Thursday, August 11, 2011

The Romeo and Juliet Code

The Romeo and Juliet Code by Phoebe Stone first came to my attention on a post from Fuse 8.  The post was about historical fiction with covers that make them look more modern, or are outright anachronistic. The synopsis intrigued me.  It takes place in 1941 and has hints of codes and spies.  I will tell you that this review contains a major spoiler but I have put it at the end and give plenty of warning.  I will come right out and say I did not enjoy this book.  I can see it holding some appeal for the 8-10 year old female crowd who enjoy mystery and won't notice the emotional vacuum in the story.
Synopsis (from Goodreads):
Felicity's glamorous parents have a secret. When they leave her with distant relatives in Maine, Felicity hopes they won't leave her long. Her new Uncle Gideon hides things. Her Aunt Miami is star-crossed. And Derek, a kid her age, refuses to leave his room. But Felicity needs Derek's help. Gideon is getting coded letters from Felicity's parents, and she's sure they're in trouble. Can Felicity crack the code, heal the family and save her parents, all while surviving her first crush? It's a tall order, but - like THE SECRET GARDEN'S Mary Lennox before her - Felicity's up for the challenge.

A lot of my negative reaction to this book is because I am well and truly tired of the whole "kid is abandoned by parent(s) with obscure little known relatives and has to be brave and learn something" story.  So why did I read this?  Hope that eventually someone has to subvert the trope.  Hope that the mystery would be mysterious and intriguing.  Hope for a good examination of British/American relations and thoughts in 1941.  This book is sadly lacking in all of these. 

Despite what the synopsis implies Felicity is nothing like  Mary Lennox. Felicity is a hard character to like and almost impossible to empathize with.  She is twelve and still talks about her teddy bear as if he were a living being.  She doesn't cry into him at night whispering her secrets wishing he were real, she talks like he actually is real.  Which is why I think this book would be tough for anyone over the age of 10 to take seriously. And even 8-10 year olds might find their credulity being stretched.  Felicity has issues, no doubt. Her parents often left her on her own to go and do their own thing.  Her grandmother claims this is the reason she is immature.  I think she has issues that go beyond immaturity that more than cracking a spy code and finding a crush will fix, but this book is not that deep so the mystery and the boy do the trick  here.

But what annoyed me the most was the book's REVELATION, which I saw coming from the first chapter, but a child reader wouldn't.  That is not what bothers me about the revelation, it's what follows and here comes the spoiler:

Don't keep reading if you don't want to know the end.

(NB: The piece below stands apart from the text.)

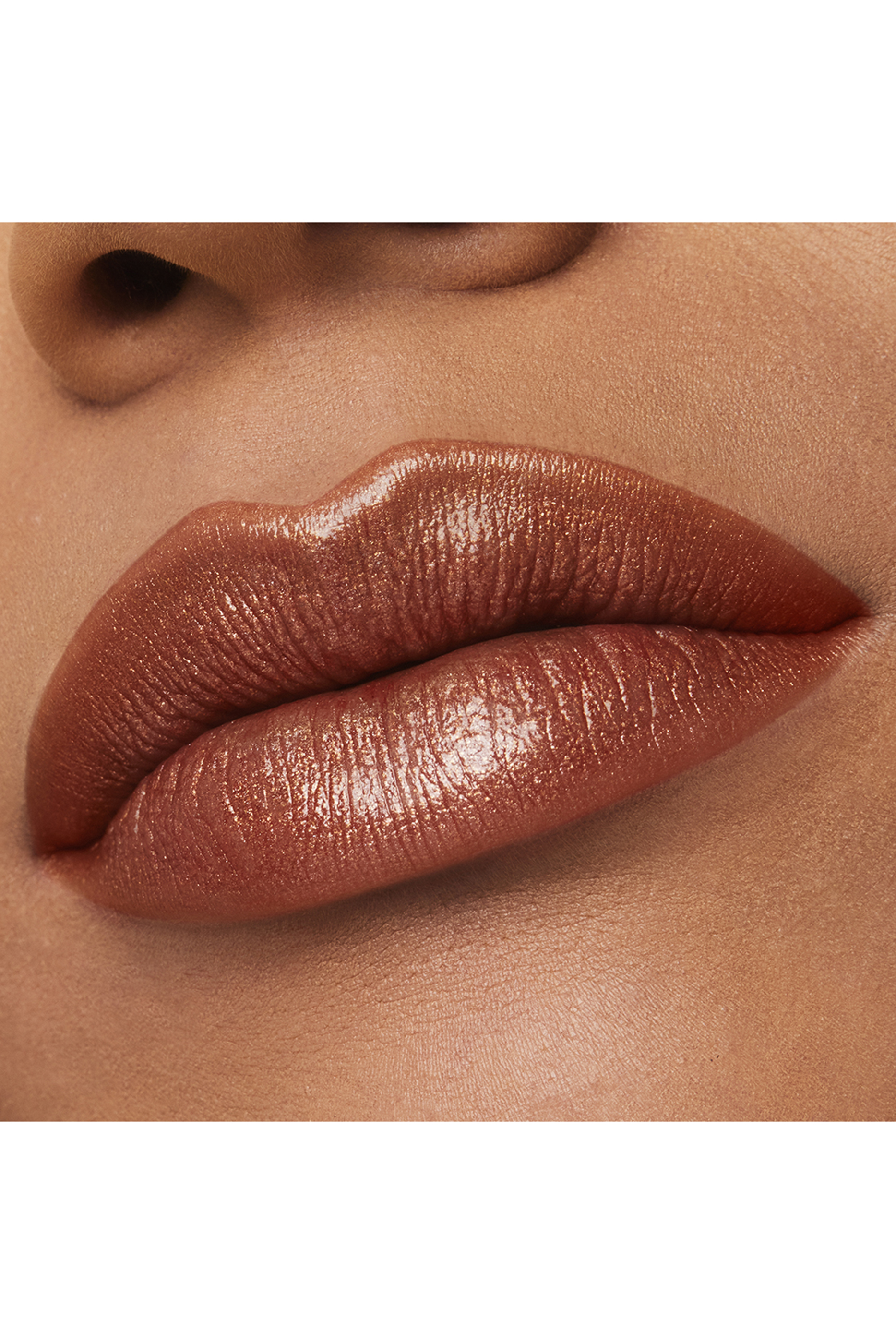 أحمر شفاه بيور كولر هاي لاستر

It turns out that Felicity's father is actually her uncle and her Uncle Gideon is actually her father.  Felicity's mother was married for a few months to Gideon, left him and took with his brother, and then realized she was pregnant.  So Felicity grew up thinking her uncle was her dad.  Gideon reveals this to Felicity by the request of her mother toward the end of the book.  You would think that this would create some interesting scenes.  Felicity has to feel something genuinely human right? Anger. Betrayal. Distrust. Horror. Anguish. Disgust.  Sadness. ANYTHING.  But this is what we get:
"Perhaps it was something like wearing new shoes or having a completely new way of fixing your hair or having a new name or going to a new school or looking in the mirror and having a completely different air about you." actually.  It is not like any of those things.  She doesn't like Gideon in the beginning of the book because she senses he doesn't like her father.  She finds out this massively scandalous (it is 1941) reason why and compares it to a new hairstyle????? The passage does continue:
"Everything was changed. And I needed to time to let it all sift through me like beach sand as it falls through your fingers when you try to hold in in your hand."Ugh, the similes.  But more than that we are not given any idea what is sifting or how it is being sifted.  We are shown absolutely no emotion at all from Felicity.  She shares the news with Derek (the crush) who was an abandoned child taken into the family when he was one and given the same birthday as Felicity to celebrate.  His reaction:
"I always felt I was a stand-in, a replacement for somebody or something, and now I see, Flissy, it was you.  It was you I was standing in for.  That's why we have the same birthday. That's why and how I came to live here. And it was a lucky thing for me, you know that?"Most people would have at least a little trouble with the concept that they were a replacement for someone who no longer needed replacing.  

The emotional vapidity of the novel made it impossible for me to enjoy, but others, particularly in elementary school, may be able to look past that.